Relationality, as Escobar uses the term, is not the observation that things are connected. It is the deeper claim that things come into being through their connections — that the relationships are ontologically prior to the entities they relate. The river is not first a river and then in relationship with the forest, the fish, the communities that fish it; the river is constituted as what it is by these relationships, and without them it is something else. This ontological principle, drawn from indigenous Andean and Amazonian cosmologies and from the feminist and ecological traditions, stands opposed to the atomistic ontology that underlies most Western thought and that is encoded in AI's architecture.
Escobar's recent work has emphasized relationality as the key to what he calls livable worlds: 'the key to constructing livable worlds lies in the cultivation of ways of knowing and acting based on a profound awareness of the fundamental interdependence of everything that exists.' The formulation is ontological rather than merely ecological. It does not claim that we should recognize connections between things that exist independently; it claims that the things themselves are produced by their connections, and that treating them as independent is a conceptual move with material consequences.
AI, built on decomposition, classification, and optimization, operates from the opposite premise: that the world consists of discrete entities whose properties can be measured, whose relationships can be modeled, and whose behavior can be predicted. Both premises produce useful knowledge. Neither is universal. The imposition of one as the default — the construction of the world-as-data as the world itself — is the epistemological equivalent of the construction of the world-as-GDP that development discourse performed.
The traditional healer's diagnostic practice exemplifies relational knowledge. The healer assesses the patient not through isolation of symptoms but through reading of relationships — between the patient and her family, between the patient and her community, between the patient and the land, between the patient and the spiritual forces the community's cosmology recognizes. The assessment integrates information from multiple registers simultaneously, and the integration is the knowledge. Decompose it into data points and the knowledge disappears, not because the data points are wrong but because the knowledge lives in the relationships between them.
Relationality has specific implications for AI design. A relational AI would not be a better version of the current decomposition-based architecture.
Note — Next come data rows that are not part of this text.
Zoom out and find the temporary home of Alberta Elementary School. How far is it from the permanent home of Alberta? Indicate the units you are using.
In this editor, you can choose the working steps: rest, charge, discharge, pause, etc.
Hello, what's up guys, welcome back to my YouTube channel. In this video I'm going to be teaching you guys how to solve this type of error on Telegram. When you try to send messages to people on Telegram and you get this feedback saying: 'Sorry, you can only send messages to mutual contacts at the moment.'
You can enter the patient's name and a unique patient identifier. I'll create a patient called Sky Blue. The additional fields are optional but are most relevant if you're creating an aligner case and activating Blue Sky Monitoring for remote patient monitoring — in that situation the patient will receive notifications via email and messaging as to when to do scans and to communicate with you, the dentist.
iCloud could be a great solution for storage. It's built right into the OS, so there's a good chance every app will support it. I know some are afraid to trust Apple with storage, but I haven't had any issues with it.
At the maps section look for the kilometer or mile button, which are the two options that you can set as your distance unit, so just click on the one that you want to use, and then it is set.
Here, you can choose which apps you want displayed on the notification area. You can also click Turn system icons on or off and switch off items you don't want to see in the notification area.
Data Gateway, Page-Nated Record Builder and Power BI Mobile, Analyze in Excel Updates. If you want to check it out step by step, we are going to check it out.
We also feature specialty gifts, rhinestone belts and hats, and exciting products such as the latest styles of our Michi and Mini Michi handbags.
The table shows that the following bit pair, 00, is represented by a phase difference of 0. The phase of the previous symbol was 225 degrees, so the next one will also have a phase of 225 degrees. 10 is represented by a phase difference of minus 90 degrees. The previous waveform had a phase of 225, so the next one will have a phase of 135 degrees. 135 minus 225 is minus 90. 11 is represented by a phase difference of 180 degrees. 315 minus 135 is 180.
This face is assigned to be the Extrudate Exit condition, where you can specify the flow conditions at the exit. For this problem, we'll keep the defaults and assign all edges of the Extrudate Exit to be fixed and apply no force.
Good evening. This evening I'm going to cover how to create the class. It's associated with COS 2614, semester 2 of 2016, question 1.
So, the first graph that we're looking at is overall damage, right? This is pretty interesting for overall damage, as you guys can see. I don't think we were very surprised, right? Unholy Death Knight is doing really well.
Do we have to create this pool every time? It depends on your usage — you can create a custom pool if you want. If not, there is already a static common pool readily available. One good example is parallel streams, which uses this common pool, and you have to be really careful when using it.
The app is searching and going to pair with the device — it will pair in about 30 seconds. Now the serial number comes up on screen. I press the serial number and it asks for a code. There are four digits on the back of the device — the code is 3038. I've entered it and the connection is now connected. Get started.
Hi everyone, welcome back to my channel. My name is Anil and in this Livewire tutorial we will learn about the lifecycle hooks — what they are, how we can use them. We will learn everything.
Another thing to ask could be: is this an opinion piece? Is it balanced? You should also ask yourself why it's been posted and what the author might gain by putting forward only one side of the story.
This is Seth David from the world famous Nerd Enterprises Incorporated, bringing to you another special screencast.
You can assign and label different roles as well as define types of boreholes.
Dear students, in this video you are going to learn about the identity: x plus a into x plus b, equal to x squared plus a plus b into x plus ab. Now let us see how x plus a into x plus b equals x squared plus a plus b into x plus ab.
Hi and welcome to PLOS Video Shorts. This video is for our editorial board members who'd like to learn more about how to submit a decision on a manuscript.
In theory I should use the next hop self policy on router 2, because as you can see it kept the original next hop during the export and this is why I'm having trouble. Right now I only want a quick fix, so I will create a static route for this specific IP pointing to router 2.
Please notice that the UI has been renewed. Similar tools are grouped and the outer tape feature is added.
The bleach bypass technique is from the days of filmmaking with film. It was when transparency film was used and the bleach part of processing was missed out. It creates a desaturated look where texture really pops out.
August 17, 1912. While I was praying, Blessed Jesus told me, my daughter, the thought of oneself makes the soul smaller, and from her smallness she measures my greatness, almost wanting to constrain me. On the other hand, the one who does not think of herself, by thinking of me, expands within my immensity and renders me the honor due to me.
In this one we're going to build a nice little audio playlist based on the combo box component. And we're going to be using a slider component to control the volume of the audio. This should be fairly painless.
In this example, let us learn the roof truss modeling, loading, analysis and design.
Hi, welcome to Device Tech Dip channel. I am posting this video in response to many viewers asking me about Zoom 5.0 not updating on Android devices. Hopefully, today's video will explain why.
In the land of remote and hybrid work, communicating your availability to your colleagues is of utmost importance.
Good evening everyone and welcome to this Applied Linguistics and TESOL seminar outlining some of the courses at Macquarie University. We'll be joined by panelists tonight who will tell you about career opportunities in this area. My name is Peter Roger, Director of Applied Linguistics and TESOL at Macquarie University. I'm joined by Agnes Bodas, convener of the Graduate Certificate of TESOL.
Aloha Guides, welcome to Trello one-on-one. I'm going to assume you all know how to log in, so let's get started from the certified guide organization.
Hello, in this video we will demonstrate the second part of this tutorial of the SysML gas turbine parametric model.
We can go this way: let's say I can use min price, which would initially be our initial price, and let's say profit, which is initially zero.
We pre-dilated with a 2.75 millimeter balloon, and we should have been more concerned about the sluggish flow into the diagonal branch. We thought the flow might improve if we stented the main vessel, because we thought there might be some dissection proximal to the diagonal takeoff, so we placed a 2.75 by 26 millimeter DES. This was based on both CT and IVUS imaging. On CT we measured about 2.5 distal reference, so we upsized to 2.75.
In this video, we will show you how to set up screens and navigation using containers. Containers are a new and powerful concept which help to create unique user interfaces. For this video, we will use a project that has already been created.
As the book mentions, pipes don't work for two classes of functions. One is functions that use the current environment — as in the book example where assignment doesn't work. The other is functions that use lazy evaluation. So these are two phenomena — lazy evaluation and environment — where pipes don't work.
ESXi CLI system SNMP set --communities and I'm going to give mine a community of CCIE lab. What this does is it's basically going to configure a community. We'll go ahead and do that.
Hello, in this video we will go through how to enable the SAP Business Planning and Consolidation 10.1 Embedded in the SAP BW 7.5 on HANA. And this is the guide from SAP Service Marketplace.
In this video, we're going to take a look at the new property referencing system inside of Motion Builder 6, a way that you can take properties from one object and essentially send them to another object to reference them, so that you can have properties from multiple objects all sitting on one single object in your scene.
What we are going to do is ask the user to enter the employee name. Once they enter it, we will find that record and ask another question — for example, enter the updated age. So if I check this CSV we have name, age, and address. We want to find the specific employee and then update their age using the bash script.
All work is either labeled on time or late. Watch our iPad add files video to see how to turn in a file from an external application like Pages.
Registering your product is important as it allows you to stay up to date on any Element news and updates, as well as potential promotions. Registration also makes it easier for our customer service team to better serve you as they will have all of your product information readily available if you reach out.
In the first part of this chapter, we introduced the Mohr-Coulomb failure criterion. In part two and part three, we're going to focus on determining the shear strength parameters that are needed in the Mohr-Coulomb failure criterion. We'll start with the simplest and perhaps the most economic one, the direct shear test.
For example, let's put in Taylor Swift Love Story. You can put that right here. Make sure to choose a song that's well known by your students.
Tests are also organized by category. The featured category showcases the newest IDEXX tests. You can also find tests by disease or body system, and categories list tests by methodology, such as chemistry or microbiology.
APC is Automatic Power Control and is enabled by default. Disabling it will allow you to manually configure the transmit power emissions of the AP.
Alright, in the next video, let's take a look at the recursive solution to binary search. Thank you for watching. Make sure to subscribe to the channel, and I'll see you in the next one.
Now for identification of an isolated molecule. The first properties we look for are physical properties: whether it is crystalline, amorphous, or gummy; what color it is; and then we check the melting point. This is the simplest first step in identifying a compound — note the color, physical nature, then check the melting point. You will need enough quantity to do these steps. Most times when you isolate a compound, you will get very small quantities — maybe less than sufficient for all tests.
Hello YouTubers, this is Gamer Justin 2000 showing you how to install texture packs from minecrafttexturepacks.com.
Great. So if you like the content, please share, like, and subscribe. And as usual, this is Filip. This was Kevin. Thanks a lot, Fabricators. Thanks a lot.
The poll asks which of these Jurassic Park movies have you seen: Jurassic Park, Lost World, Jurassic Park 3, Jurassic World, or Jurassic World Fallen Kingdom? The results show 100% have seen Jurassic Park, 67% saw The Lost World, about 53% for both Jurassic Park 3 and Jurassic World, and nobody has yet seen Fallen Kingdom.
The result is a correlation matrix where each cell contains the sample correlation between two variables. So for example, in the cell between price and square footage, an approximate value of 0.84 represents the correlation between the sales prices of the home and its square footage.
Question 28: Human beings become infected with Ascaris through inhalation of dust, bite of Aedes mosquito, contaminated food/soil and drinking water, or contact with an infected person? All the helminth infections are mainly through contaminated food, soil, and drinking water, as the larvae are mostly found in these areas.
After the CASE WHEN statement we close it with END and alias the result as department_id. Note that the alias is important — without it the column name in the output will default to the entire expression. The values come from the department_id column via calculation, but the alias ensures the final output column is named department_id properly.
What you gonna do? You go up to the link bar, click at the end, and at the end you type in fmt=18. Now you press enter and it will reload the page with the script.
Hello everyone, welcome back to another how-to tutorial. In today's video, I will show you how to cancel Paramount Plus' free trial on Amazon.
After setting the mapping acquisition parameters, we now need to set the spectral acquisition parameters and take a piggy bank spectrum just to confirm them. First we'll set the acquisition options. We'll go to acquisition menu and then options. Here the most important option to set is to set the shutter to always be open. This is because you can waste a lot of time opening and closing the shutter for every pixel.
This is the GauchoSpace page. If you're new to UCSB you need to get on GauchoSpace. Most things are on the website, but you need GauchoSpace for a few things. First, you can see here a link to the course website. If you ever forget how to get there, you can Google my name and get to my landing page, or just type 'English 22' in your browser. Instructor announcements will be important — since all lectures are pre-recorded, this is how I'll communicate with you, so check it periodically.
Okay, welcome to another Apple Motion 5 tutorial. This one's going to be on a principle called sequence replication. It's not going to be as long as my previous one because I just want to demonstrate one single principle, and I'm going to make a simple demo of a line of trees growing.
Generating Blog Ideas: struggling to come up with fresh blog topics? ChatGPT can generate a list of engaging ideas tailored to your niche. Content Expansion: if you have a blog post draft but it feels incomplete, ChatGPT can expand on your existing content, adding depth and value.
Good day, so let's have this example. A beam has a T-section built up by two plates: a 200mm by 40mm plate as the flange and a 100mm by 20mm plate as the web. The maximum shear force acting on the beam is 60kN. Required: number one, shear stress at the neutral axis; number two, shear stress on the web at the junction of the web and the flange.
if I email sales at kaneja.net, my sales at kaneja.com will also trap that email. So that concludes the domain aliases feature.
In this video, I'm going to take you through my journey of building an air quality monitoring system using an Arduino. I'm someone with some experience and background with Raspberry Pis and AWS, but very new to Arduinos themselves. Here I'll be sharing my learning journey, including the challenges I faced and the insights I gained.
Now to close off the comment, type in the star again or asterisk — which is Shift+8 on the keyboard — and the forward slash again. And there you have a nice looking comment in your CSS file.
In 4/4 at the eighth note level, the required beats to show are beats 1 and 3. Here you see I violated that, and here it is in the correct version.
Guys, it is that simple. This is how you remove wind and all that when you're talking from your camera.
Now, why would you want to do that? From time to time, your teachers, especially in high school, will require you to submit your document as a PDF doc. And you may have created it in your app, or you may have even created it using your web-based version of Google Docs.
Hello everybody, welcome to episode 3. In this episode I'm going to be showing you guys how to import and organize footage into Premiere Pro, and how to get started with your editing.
It would require different foundational commitments: tools that work with rather than against the relational structure of the knowledge they engage, evaluation criteria that reward capture of relationship rather than accuracy of classification, training paradigms that include forms of knowledge the current paradigm cannot recognize because they exist only in relationship rather than in propositional form.
Relationality has been a theme throughout Escobar's work but received its most systematic articulation in Designs for the Pluriverse (2018) and Pluriversal Politics (2020).
It draws on the ontological turn in anthropology, particularly Marisol de la Cadena's work on Andean relational ontology, Eduardo Viveiros de Castro's Amazonian perspectivism, and the broader tradition of indigenous relational thought.
Relationships are prior. Things do not exist first and then relate; they come into being through the relationships that constitute them.
Against atomism. The atomistic ontology of Western thought — discrete entities with specifiable properties — is one ontology among many, not the universal structure of reality.
Relational knowledge. Forms of knowing that live in relationships, not in propositions, cannot be captured by decomposition-based tools.
Implications for AI. A relational AI would require different foundations, not better versions of the current architecture.
Ethical dimension. Cultivating awareness of fundamental interdependence is the key to constructing livable worlds.